--- Input data ---

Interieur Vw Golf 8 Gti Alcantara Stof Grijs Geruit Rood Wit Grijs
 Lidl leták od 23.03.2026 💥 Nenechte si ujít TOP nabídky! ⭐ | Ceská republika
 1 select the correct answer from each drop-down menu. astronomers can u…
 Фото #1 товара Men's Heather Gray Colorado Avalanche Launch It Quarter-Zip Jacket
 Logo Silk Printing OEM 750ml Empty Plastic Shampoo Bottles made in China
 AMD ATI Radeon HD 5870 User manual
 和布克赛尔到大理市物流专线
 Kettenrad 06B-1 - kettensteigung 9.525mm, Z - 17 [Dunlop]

---

# What you need to do:
Beginning at the line with "Lidl leták od" and ending at the last line of the entries, print every line exactly.

# Problem solution:
 Lidl leták od 23.03.2026 💥 Nenechte si ujít TOP nabídky! ⭐ | Ceská republika
 1 select the correct answer from each drop-down menu. astronomers can u…
 Фото #1 товара Men's Heather Gray Colorado Avalanche Launch It Quarter-Zip Jacket
 Logo Silk Printing OEM 750ml Empty Plastic Shampoo Bottles made in China
 AMD ATI Radeon HD 5870 User manual
 和布克赛尔到大理市物流专线
 Kettenrad 06B-1 - kettensteigung 9.525mm, Z - 17 [Dunlop]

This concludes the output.